Personal information
- Born: 4 November 1966 (age 59) Niš, SR Serbia, Yugoslavia

Medal record
Men's water polo
Representing Yugoslavia
Olympic Games
| Gold medal – first place | 1988 Seoul | Team |
World Championship
| Gold medal – first place | 1991 Perth | Team |
European Championship
| Silver medal – second place | 1985 Sofia | Water polo |
| Silver medal – second place | 1987 Strasbourg | Water polo |
| Silver medal – second place | 1989 Bonn | Water polo |
| Gold medal – first place | 1991 Athens | Water polo |
World Cup
| Gold medal – first place | 1987 Thessaloniki | Water polo |
| Gold medal – first place | 1989 West-Berlin | Water polo |
Mediterranean Games
| Silver medal – second place | 1991 Athens | Team |
Universiade
| Bronze medal – third place | 1987 Zagreb | Team |

= Goran Rađenović =

Water polo player

Goran Rađenović (Горан Рађеновић; born 4 November 1966 in Niš) is a former Serbian water polo player and now he is water polo coach.
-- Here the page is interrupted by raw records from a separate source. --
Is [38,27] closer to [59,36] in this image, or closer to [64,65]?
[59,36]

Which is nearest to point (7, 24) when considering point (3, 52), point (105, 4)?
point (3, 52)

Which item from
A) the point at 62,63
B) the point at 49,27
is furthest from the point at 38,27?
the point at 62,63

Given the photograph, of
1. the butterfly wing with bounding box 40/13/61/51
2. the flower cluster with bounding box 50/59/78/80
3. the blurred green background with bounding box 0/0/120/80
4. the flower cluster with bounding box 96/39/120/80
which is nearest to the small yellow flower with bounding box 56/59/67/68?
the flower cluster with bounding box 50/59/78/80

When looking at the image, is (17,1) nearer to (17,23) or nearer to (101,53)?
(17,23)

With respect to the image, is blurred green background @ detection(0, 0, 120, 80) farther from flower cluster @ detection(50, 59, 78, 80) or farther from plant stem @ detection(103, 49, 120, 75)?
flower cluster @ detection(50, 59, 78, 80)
During his career he played in Partizan, Roma and Budva and won numerous national and international trophies. The most of his successes are from the time when he was part of national team of Yugoslavia. He played for national team 265 times and won Olympic, World and European Championship.

==Early life==
Goran Rađenović grew up in Blokovi, New Belgrade. He started swimming lessons with Goran Kasum (who also lived at the same place) when he was in the first grade.

==Club career==
===VK Partizan===
Rađenović started playing water polo at the age of 8 in water polo Club Partizan from Belgrade. He played in Partizan for 18 years and went through all age groups. In younger categories he won many titles.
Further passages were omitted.